Chilean politician (1904-1970)

Armando Uribe Herrera (Santiago, 29 March 1904 – Santiago, 10 April 1970) was a Chilean lawyer, academic, and politician who served as a minister of state during the second government of President Carlos Ibáñez del Campo between 1954 and 1955.

== Family and education ==
He was born in Santiago de Chile on 29 March 1904, the second of three children born to Pedro Uribe Uribe and Herminia Herrera Barriga. He studied at the Faculty of Law of the University of Chile, graduating as a lawyer around 1928.

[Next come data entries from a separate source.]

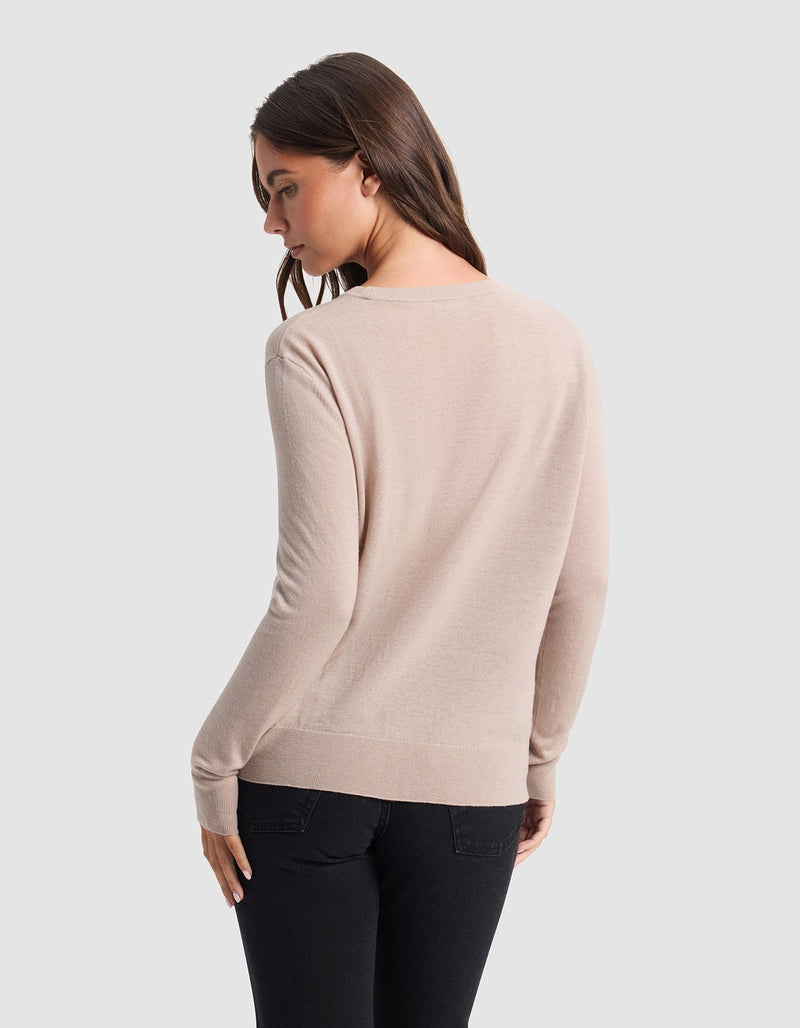 A woman with long brown hair wears the Cozy Earth Women's AirKnit Crewneck Sweater in light beige and black pants, standing with her back slightly turned and looking over her left shoulder against a plain light gray background.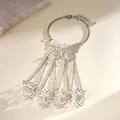 Detailed view of a silver hollow butterfly slave bracelet with intricate filigree rings - Hollow Butterfly Style / Silver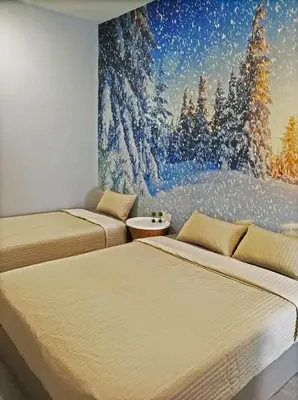 two beds in a room with a painting on the wall at Check-Inn Guesthouse in Ipoh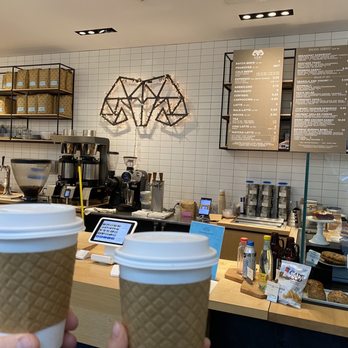 Kohi Coffee Company - a person holding two cups of coffee - Coffee & Tea Near Me - Boston, Massachusetts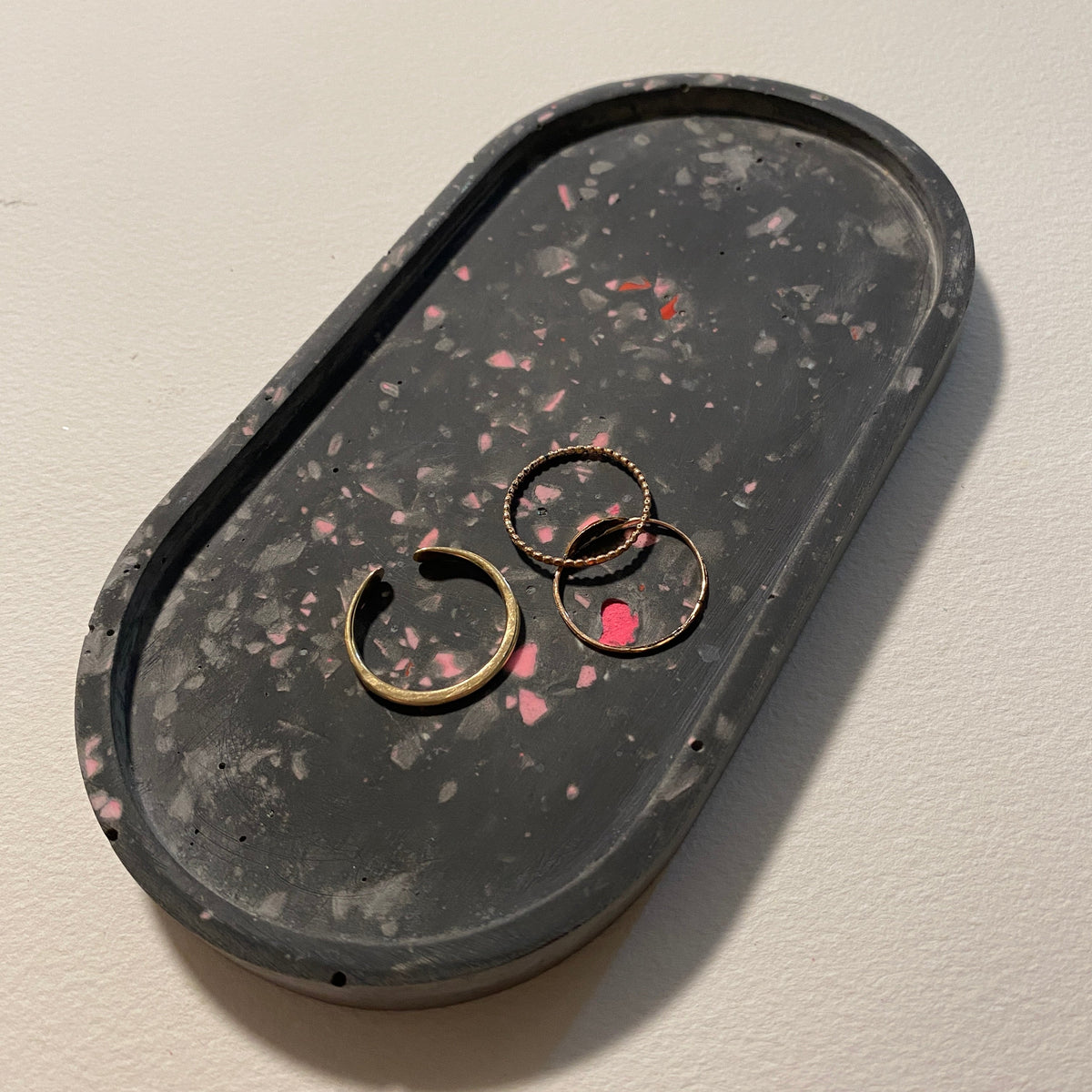 A terrazzo trinket tray with rings inside. 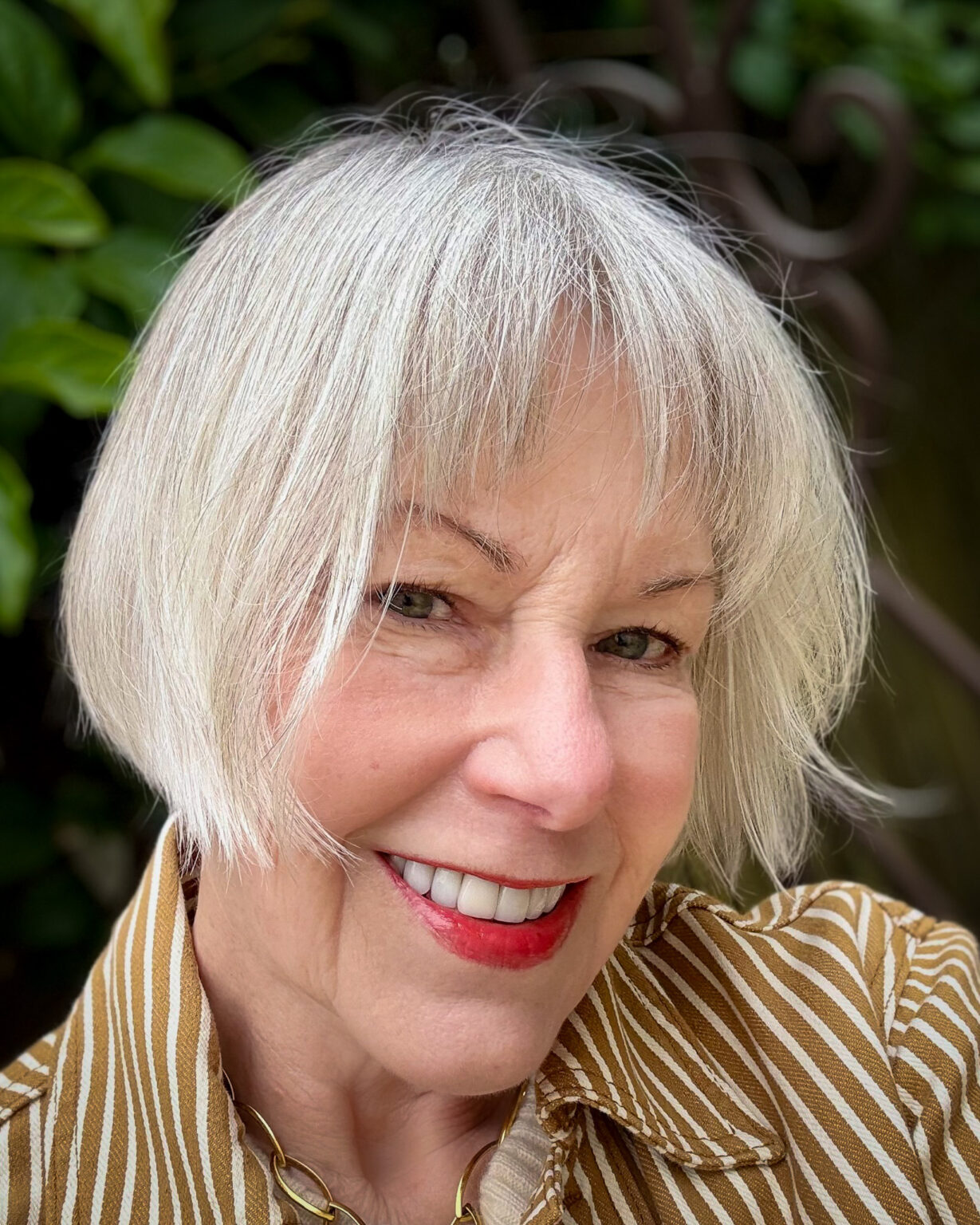 Silver grey French bob haircut with wispy bangs — a chic, low-maintenance style for women with grey hair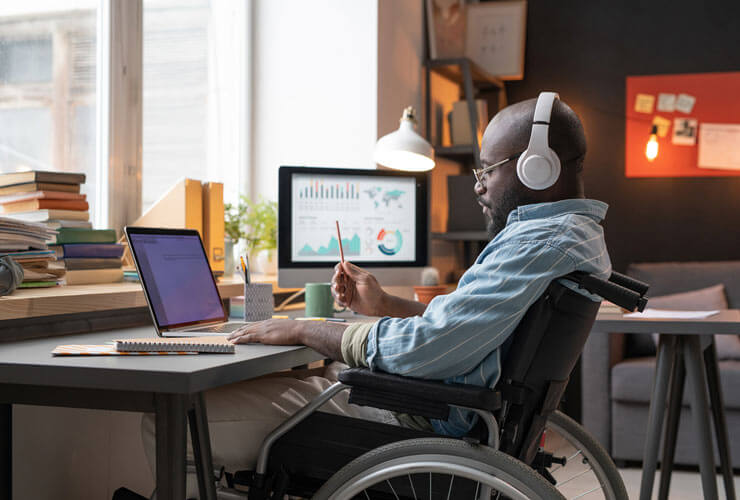 Data professional seated in a wheelchair works from home with a multi-device setup and headphones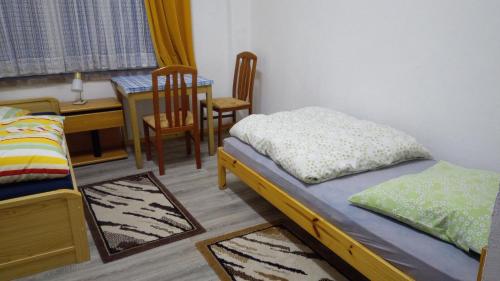 a bedroom with a bed and a table and a dining room at LINDENHOF WALDHEIM in Waldheim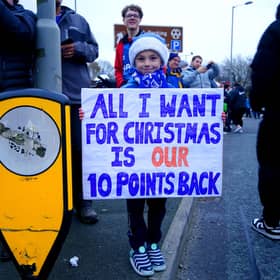 An Everton fan holds up a sign in protest of the club's point deduction.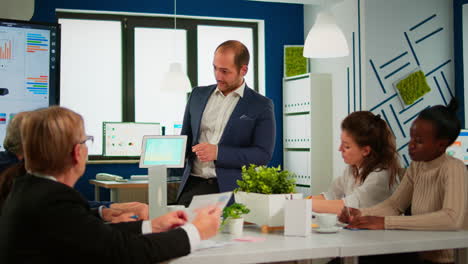 Startup-diversity-teamwork-brainstorming-sitting-at-desk-in-modern-office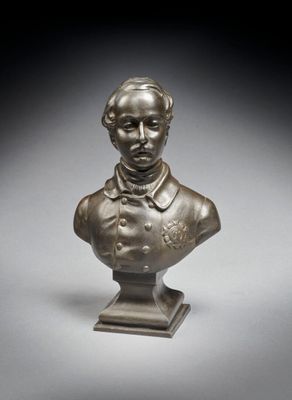 un buste en bronze représentant un homme en costume-cravate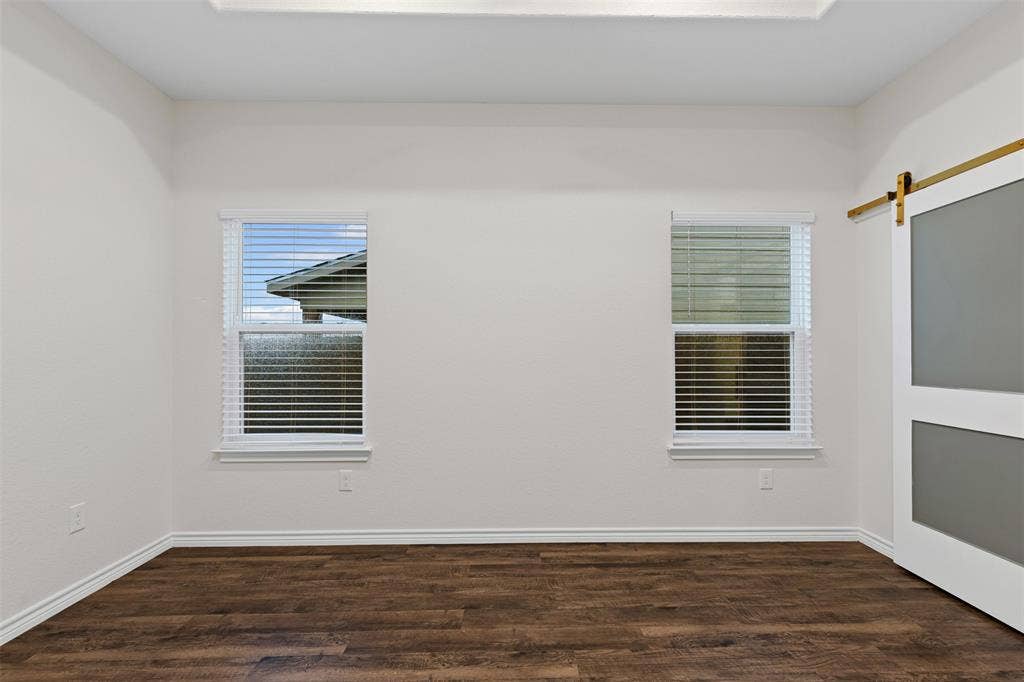 Spare room featuring wood finished floors, baseboards, and a barn door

He married Emelina Arce Coo, daughter of Ramón Nonato Coo Serrano and Luisa Tagle Jordán; the latter was the daughter of Carmen Jordán Echenique and politician José Agustín Tagle Echeverría, who served as a deputy for Linares between 1843 and 1846, for Petorca between 1858 and 1861, and for Cauquenes and Constitución between 1861 and 1864. The couple had two children, Leoncio Armando and María de la Luz.

== Public career ==
Politically unaffiliated, during the second government of President Carlos Ibáñez del Campo, he was appointed Minister of Mining on 5 June 1954 and served in the post until 6 January 1955. Concurrently, from 4 to 6 January 1955, he served as acting Minister of Public Health and Social Welfare, replacing the incumbent minister, Sergio Altamirano.

Among his other activities, he served as director of the magazine Carreteras and was a law professor at the University of Chile. He died in Santiago on 10 April 1970, aged 66.